POST WRITTEN BY: Michael B. Mushlin, Professor of Law at Pace Law School, Scholar, and Renowned Expert on Prisoners’ Rights.
The Prison Litigation Reform Act (PLRA) sets up roadblocks for prisoners in civil rights cases that are uniquely harsh including a requirement that prisoners must exhaust all available administrative remedies. This exhaustion requirement, which is not imposed on other civil rights litigants, often keeps litigants with meritorious claims out of court. Recently, in Ross v. Blake, No. 15-339, the Supreme Court took a Maryland case from the Fourth Circuit holding that the exhaustion requirement should be excused if the inmate makes a “reasonable mistake” about whether a particular administrative remedy is, in fact, available.
However, during oral argument last week the Court learned that this issue may not be presented by this case at all. This is because in papers filed with the Court before the case was argued it appeared that Maryland’s complicated and confusing administrative remedies were probably, in fact, unavailable to the inmate after all. Thus, there was no “reasonable mistake” after all. And no need to decide whether if there were such a mistake that would excuse the inmate from the obligation to exhaust.
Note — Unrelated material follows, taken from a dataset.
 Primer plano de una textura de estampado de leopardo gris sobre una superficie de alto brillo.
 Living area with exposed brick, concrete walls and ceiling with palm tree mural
Based on this new information it appears from the oral argument of the case that the Court will either remand the case or dismiss the case as improvidently granted for review. But even if the case is dismissed or remanded the case has value because the oral argument record available here reveals dramatically the Kafkaesque world of confusing remedies that prisoners must confront and overcome to achieve their day in court. If one needs proof of the lack of wisdom of the PLRA’s exhaustion requirement, and the need to repeal it, look no further.